The accompanying unaudited Condensed Consolidated Financial Statements and notes to Condensed Consolidated Financial Statements should be read in conjunction with the Company’s audited Consolidated Financial Statements for the fiscal year ended March 31, 2012 contained in its Annual Report on Form 10-K, as filed with the United States Securities and Exchange Commission.

 

The accompanying Condensed Consolidated Financial Statements have been prepared assuming the Company will continue as a going concern. As a development stage company without sustainable revenues, the Company has experienced recurring losses and negative cash flows from operations.

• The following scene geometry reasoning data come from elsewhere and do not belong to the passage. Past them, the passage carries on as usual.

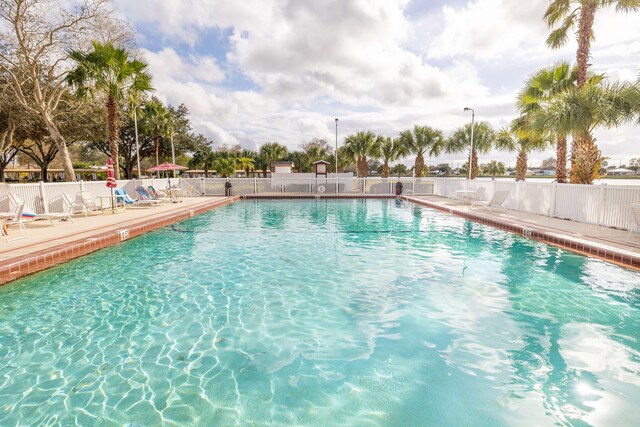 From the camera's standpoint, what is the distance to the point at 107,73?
571 inches

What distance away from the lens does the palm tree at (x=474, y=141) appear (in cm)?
2581

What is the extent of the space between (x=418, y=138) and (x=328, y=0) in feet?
62.4

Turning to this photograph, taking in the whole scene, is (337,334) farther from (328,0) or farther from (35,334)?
(328,0)

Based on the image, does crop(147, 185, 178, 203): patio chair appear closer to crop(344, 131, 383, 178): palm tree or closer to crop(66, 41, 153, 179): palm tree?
crop(66, 41, 153, 179): palm tree

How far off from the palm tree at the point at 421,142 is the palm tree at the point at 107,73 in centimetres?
2070

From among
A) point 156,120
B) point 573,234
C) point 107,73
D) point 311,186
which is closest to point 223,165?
point 156,120

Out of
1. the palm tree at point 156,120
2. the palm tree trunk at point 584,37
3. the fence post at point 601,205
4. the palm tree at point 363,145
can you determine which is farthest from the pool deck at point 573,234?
the palm tree at point 156,120

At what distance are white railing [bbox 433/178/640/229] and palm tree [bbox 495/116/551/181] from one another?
4.05 m

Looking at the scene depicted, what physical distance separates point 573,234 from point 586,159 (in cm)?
455

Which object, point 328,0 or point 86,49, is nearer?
point 328,0

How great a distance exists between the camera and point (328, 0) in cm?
1183

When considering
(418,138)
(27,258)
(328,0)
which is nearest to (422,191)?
(418,138)

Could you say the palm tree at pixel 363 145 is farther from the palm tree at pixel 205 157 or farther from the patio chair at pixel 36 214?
the patio chair at pixel 36 214

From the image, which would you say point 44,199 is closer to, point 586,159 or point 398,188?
point 586,159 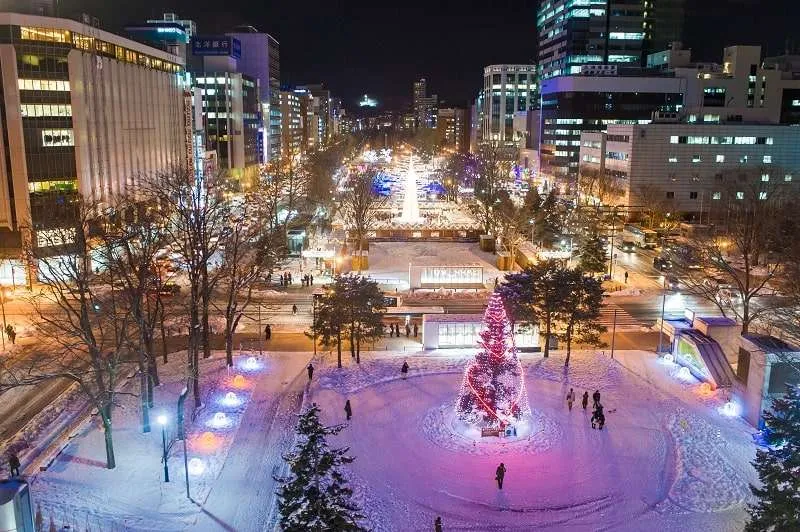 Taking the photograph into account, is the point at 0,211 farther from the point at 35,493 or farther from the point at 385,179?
the point at 385,179

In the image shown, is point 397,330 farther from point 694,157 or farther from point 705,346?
point 694,157

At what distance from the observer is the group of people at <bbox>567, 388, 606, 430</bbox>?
23.8m

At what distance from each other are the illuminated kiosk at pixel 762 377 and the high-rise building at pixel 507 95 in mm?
131428

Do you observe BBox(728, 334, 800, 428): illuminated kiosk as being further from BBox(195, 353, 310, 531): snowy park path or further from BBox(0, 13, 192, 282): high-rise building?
BBox(0, 13, 192, 282): high-rise building

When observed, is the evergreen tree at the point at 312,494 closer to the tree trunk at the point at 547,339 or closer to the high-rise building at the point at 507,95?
the tree trunk at the point at 547,339

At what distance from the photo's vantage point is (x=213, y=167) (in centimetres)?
8769

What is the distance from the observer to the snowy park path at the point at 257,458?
60.9 feet

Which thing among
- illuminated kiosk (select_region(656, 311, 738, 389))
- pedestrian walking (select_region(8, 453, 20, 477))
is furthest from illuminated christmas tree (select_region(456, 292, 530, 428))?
pedestrian walking (select_region(8, 453, 20, 477))

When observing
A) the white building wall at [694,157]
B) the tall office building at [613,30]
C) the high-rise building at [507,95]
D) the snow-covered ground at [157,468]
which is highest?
the tall office building at [613,30]

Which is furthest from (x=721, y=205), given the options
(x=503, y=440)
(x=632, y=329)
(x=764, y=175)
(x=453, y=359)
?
(x=503, y=440)

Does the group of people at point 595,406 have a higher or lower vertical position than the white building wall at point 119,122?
lower

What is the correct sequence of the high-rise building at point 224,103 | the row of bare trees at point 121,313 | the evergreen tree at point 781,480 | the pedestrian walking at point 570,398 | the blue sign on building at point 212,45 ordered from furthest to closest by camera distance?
the blue sign on building at point 212,45 → the high-rise building at point 224,103 → the pedestrian walking at point 570,398 → the row of bare trees at point 121,313 → the evergreen tree at point 781,480

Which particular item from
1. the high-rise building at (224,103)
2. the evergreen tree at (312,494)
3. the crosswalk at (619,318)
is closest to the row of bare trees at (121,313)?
the evergreen tree at (312,494)

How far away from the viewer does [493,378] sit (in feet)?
75.3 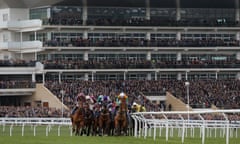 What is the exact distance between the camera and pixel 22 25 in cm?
7612

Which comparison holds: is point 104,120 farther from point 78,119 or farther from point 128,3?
point 128,3

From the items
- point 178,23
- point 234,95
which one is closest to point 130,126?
point 234,95

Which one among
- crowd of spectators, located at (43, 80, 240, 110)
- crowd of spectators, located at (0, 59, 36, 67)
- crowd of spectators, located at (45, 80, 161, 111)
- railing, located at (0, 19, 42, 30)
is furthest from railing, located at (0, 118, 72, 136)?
railing, located at (0, 19, 42, 30)

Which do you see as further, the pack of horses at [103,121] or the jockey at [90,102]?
the jockey at [90,102]

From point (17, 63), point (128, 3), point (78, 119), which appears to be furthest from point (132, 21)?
point (78, 119)

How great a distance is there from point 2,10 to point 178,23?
14.8 metres

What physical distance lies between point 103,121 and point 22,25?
4576 centimetres

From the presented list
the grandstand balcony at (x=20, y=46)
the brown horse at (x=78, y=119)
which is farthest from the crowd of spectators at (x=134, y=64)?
the brown horse at (x=78, y=119)

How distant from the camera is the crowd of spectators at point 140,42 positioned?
74.9 meters

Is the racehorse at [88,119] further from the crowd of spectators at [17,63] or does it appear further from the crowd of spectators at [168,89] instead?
the crowd of spectators at [17,63]

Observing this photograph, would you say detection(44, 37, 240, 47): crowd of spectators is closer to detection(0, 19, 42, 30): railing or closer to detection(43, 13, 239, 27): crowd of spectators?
detection(43, 13, 239, 27): crowd of spectators

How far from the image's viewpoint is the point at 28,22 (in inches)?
2980

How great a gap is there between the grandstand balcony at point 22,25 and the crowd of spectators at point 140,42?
5.70 feet

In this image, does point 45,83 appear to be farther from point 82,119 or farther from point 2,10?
point 82,119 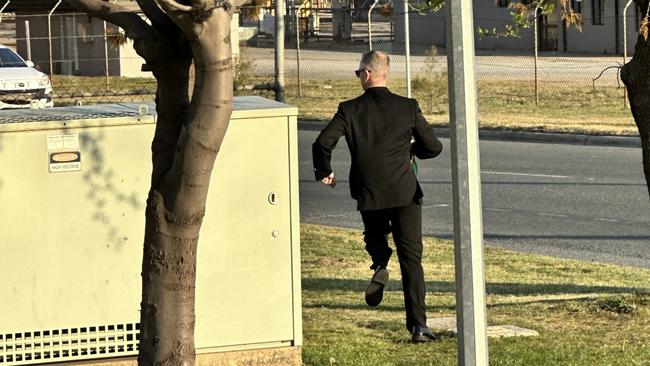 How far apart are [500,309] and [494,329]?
1.04m

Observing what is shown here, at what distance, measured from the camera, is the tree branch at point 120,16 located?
205 inches

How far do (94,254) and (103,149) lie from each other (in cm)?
50

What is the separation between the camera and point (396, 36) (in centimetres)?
5422

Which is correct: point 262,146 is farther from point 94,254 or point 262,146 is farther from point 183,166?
point 183,166

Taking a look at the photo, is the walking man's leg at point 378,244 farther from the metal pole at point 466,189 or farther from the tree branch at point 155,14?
the metal pole at point 466,189

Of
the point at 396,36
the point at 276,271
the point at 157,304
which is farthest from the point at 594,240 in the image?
the point at 396,36

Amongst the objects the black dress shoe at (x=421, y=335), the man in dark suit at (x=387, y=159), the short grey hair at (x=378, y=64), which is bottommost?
the black dress shoe at (x=421, y=335)

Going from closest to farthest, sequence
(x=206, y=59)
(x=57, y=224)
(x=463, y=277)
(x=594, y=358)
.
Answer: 1. (x=463, y=277)
2. (x=206, y=59)
3. (x=57, y=224)
4. (x=594, y=358)

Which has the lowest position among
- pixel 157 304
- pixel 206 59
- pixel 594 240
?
pixel 594 240

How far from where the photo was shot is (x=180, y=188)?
5.18m

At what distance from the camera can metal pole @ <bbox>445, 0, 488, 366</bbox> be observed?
14.5 feet

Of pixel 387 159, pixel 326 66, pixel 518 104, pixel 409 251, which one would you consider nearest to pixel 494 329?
pixel 409 251

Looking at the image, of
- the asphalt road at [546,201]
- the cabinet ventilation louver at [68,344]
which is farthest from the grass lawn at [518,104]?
the cabinet ventilation louver at [68,344]

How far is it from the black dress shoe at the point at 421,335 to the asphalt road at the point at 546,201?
174 inches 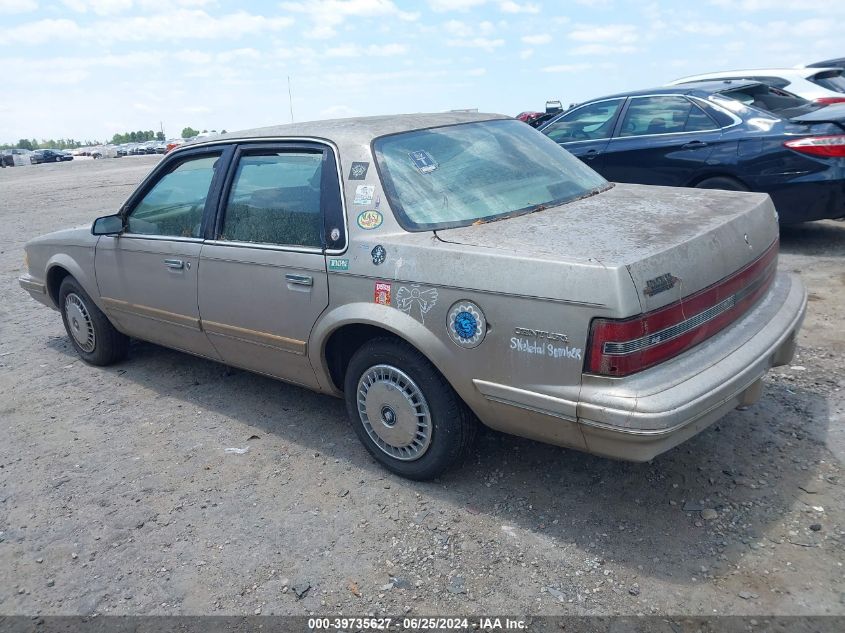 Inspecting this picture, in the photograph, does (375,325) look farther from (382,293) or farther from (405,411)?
(405,411)

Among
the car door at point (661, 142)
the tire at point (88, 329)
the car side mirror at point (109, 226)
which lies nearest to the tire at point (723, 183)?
the car door at point (661, 142)

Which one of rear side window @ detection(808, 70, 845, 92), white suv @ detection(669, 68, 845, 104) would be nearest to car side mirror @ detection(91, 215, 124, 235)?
white suv @ detection(669, 68, 845, 104)

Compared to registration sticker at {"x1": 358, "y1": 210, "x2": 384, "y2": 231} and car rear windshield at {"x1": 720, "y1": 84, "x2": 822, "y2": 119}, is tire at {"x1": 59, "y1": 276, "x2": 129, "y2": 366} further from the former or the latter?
car rear windshield at {"x1": 720, "y1": 84, "x2": 822, "y2": 119}

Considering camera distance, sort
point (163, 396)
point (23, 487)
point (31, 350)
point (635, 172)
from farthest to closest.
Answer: point (635, 172), point (31, 350), point (163, 396), point (23, 487)

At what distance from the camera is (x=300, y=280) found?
3.44 m

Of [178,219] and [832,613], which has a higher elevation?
[178,219]

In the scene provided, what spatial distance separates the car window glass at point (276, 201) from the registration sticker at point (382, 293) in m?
0.46

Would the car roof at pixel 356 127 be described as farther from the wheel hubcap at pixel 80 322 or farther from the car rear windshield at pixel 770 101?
the car rear windshield at pixel 770 101

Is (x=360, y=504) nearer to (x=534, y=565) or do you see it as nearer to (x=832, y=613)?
(x=534, y=565)

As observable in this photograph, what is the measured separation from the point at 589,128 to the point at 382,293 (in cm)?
535

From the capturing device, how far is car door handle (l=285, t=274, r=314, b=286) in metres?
3.40

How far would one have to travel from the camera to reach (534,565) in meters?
2.75

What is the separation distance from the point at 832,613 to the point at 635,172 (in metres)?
5.45

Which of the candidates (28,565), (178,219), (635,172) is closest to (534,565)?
(28,565) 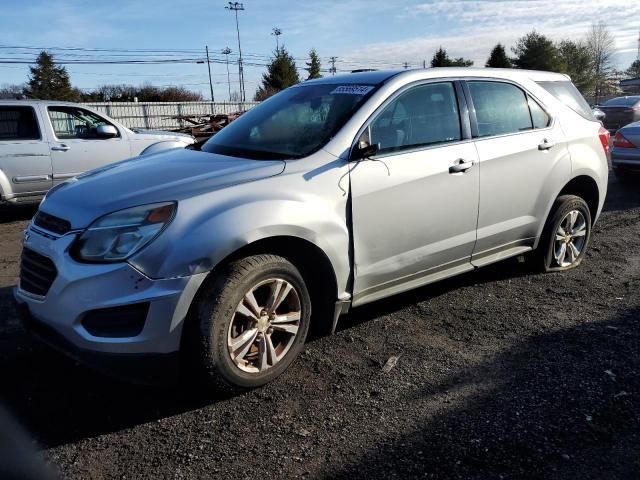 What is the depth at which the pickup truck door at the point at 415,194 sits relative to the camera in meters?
3.52

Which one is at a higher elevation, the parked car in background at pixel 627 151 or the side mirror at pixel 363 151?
the side mirror at pixel 363 151

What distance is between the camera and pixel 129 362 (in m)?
2.75

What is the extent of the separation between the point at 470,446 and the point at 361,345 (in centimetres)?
125

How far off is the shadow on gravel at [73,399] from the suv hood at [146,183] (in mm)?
989

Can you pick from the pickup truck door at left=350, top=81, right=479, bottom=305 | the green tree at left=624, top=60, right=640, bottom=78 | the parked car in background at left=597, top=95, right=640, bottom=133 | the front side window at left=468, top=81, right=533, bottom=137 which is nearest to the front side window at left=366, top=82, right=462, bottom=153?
the pickup truck door at left=350, top=81, right=479, bottom=305

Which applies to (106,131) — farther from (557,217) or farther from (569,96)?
(557,217)

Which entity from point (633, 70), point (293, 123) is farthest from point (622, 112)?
point (633, 70)

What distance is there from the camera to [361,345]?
379 centimetres

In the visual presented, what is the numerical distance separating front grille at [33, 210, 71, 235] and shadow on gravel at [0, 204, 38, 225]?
549 cm

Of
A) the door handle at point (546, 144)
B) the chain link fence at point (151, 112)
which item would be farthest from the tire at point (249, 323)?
the chain link fence at point (151, 112)

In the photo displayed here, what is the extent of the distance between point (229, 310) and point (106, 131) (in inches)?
257

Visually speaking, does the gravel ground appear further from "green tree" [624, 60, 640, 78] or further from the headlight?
"green tree" [624, 60, 640, 78]

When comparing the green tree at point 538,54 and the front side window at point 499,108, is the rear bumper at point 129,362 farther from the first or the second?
the green tree at point 538,54

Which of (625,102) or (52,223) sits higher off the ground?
(52,223) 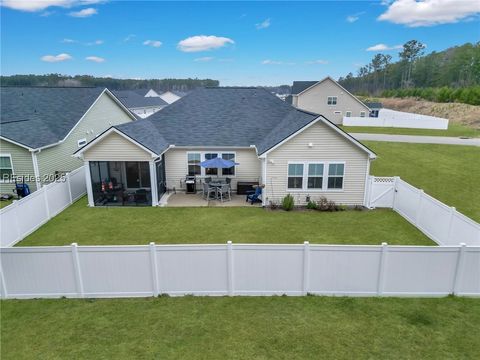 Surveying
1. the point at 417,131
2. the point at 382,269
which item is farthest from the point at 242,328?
the point at 417,131

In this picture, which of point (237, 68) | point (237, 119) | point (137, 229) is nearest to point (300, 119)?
point (237, 119)

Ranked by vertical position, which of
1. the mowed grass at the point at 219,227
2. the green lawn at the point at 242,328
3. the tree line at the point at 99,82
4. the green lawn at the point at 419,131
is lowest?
the mowed grass at the point at 219,227

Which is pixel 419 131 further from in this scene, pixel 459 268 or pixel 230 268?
pixel 230 268

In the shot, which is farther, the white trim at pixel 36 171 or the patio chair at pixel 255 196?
the white trim at pixel 36 171

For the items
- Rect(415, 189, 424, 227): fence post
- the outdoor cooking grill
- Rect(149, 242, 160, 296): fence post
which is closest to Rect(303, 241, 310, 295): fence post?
Rect(149, 242, 160, 296): fence post

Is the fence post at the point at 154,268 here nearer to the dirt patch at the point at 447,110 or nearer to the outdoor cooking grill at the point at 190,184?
the outdoor cooking grill at the point at 190,184

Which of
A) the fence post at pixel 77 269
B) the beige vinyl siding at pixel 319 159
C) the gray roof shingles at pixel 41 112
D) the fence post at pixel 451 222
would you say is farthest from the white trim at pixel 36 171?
the fence post at pixel 451 222

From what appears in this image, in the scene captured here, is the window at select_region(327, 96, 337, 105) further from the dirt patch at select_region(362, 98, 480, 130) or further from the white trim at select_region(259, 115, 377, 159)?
the white trim at select_region(259, 115, 377, 159) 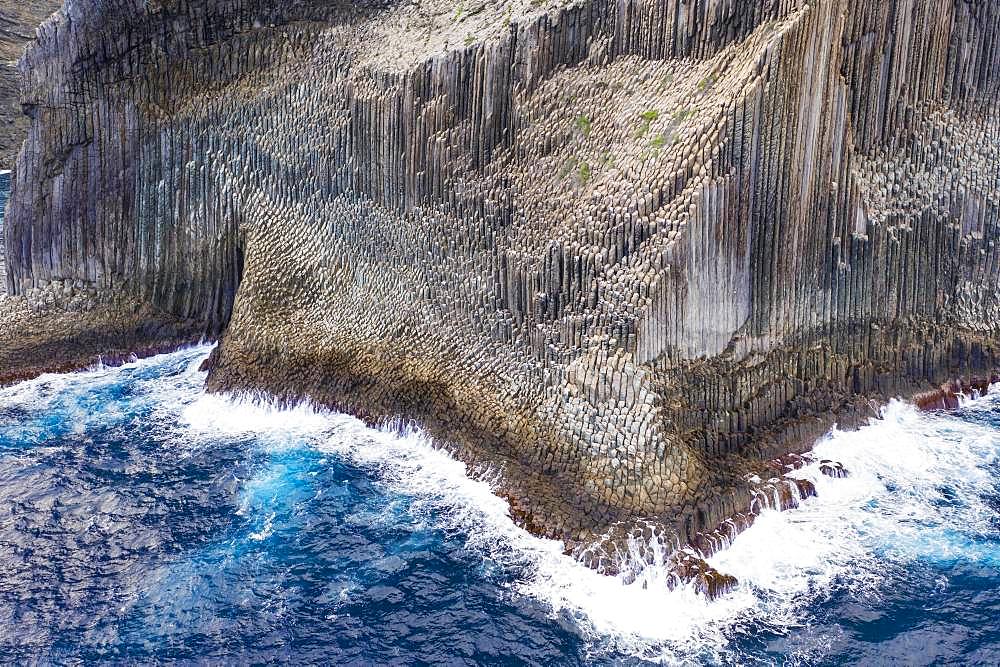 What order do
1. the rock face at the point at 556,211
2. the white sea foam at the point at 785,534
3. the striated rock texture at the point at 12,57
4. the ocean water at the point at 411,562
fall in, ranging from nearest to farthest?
1. the ocean water at the point at 411,562
2. the white sea foam at the point at 785,534
3. the rock face at the point at 556,211
4. the striated rock texture at the point at 12,57

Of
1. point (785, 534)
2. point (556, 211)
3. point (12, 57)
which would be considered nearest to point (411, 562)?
point (785, 534)

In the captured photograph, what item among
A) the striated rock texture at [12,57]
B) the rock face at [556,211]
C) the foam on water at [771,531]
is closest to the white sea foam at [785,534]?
the foam on water at [771,531]

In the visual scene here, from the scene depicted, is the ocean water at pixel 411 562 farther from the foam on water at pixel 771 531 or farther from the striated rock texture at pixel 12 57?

From inception through September 30, 2012, the Company has a deficit accumulated during its development stage of $58.6 million.  The Company expects these conditions to continue for the foreseeable future as it expands its Human Clinical Trials in a Test Tube™ platform and executes its drug rescue and cell therapy business programs.

 

At September 30, 2012, the Company had $13,400 in cash and cash equivalents.  The Company’s principal source of financing during the quarter ended September 30, 2012 has been proceeds from certain financing transactions between the Company and Platinum Long Term Growth VII, LLC (“Platinum”), the Company’s largest institutional investor.  On July 2, 2012 and on August 31, 2012, the Company issued to Platinum 10% senior secured convertible promissory notes in the principal amount of $500,000 (the “July 2012 Platinum Note”) and $750,000 (the “August 2012 Platinum Note”), respectively.  (See Note 7, Convertible Promissory Notes and Notes Payable).  Subsequent to September 30, 2012, on October 11, 2012, the Company and Platinum entered into a Note Exchange and Purchase Agreement, wherein Platinum agreed to purchase 10% senior secured convertible promissory notes in the aggregate principal amount of $2.0 million, issuable over four $500,000 tranches between October 2012 and December 2012.  The first and second $500,000 tranches, in the aggregate principal amount of $1.0 million, were purchased by Platinum on October 11, 2012 and October 19, 2012, respectively.  The final two $500,000 tranches, in the aggregate principal amount of $1.0 million, are issuable on November 15, 2012 and December 15, 2012 provided that the Company consummates a debt or equity financing, or a combination of financings, resulting in gross proceeds of at least $1.0 million. (See Note 11, Subsequent Events).

 

The Company anticipates that its cash expenditures during the next twelve months will be approximately $4.0 million to $6.0 million and it plans to meet its cash needs and fund its working capital requirements through a combination of additional private placements of its securities, which may include both debt and equity securities issued to Platinum and other investors, stem cell technology-based research and development collaborations, stem cell technology and drug candidate license fees and government grant awards. If the Company is unable to obtain sufficient financing, it may be required to reduce, defer, or discontinue certain of its research and development activities or it may not be able to continue as a going concern.